* _ACTIVITY_: Provide the entries once more, identical in every word.
EXCERPTED DATA START
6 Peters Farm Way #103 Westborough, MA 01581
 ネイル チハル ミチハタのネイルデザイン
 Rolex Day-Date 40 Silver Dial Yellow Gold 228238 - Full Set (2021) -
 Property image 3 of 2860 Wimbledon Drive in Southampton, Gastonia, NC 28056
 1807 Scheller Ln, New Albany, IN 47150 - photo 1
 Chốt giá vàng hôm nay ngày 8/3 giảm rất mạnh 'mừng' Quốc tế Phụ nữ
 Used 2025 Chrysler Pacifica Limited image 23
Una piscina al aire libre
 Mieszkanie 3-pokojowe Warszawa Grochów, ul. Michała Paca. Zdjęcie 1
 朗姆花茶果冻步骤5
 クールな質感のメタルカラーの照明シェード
EXCERPTED DATA END
* _FINISHED EXERCISE_:
6 Peters Farm Way #103 Westborough, MA 01581
 ネイル チハル ミチハタのネイルデザイン
 Rolex Day-Date 40 Silver Dial Yellow Gold 228238 - Full Set (2021) -
 Property image 3 of 2860 Wimbledon Drive in Southampton, Gastonia, NC 28056
 1807 Scheller Ln, New Albany, IN 47150 - photo 1
 Chốt giá vàng hôm nay ngày 8/3 giảm rất mạnh 'mừng' Quốc tế Phụ nữ
 Used 2025 Chrysler Pacifica Limited image 23
Una piscina al aire libre
 Mieszkanie 3-pokojowe Warszawa Grochów, ul. Michała Paca. Zdjęcie 1
 朗姆花茶果冻步骤5
 クールな質感のメタルカラーの照明シェード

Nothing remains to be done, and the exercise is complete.